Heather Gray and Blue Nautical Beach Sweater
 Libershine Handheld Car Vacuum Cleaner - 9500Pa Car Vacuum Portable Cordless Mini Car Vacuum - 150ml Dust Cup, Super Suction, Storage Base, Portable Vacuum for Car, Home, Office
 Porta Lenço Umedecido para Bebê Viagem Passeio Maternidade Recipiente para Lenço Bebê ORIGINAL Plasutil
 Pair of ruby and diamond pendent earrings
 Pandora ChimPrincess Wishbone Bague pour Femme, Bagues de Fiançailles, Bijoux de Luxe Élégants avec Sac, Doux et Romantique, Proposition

★ ★ ★

Task — Write out the lines above, starting at the line that contains "Pair of ruby and diamond pendent earrings" and ending with the final line, and nothing else; copy them exactly.

Answer section —
 Pair of ruby and diamond pendent earrings
 Pandora ChimPrincess Wishbone Bague pour Femme, Bagues de Fiançailles, Bijoux de Luxe Élégants avec Sac, Doux et Romantique, Proposition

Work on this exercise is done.